The “file” URI Scheme [RFC8089]

Appendix A.

UNC Syntax

The UNC filespace selector string is a null-terminated sequence of characters from the Universal Character Set [ISO10646]. The syntax of a UNC filespace selector string, as defined by [MS-DTYP] , is given here in Augmented Backus-Naur Form (ABNF) [RFC5234] for convenience:

UNC = "\\" hostname "\" sharename *( "\" objectname )

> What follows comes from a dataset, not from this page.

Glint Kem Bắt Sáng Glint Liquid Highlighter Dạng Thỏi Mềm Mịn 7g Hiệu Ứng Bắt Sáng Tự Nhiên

hostname = netbios-name / fqdn / ip-address
sharename = <name of share or resource to be accessed>
objectname = <depends on resource being accessed>
  • “netbios-name” from [MS-NBTE], Section 2.2.1.
  • “fqdn” from [RFC1035] or [RFC1123]
  • “ip-address” from Section 2.1 of [RFC1123], or Section 2.2 of [RFC4291].

The precise format of “sharename” depends on the protocol; see: SMB [MS-SMB] , NFS [RFC3530] , NCP [NOVELL].

DOS/Windows

The Windows system adds the following extensions:

  • drive letters

  • Universal Naming Convention (UNC) [MS-DTYP]

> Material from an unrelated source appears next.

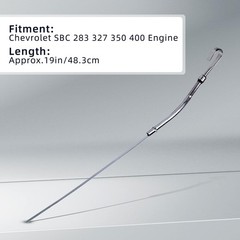 Flexible Engine Oil Dipstick For Chevrolet Small Block SBC 265 283 305 327 350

  • Namespaces [Win32-Namespaces] prefixed by

    • “\\?\” for Win32 File Namespaces
    • “\\.\” for Win32 Device Namespaces
    • “\\?UNC\” special for “Long UNC”

    Note

    RFC8089 Appendix-C: This specification does not define a mechanism for translating namespaced paths to or from file URIs.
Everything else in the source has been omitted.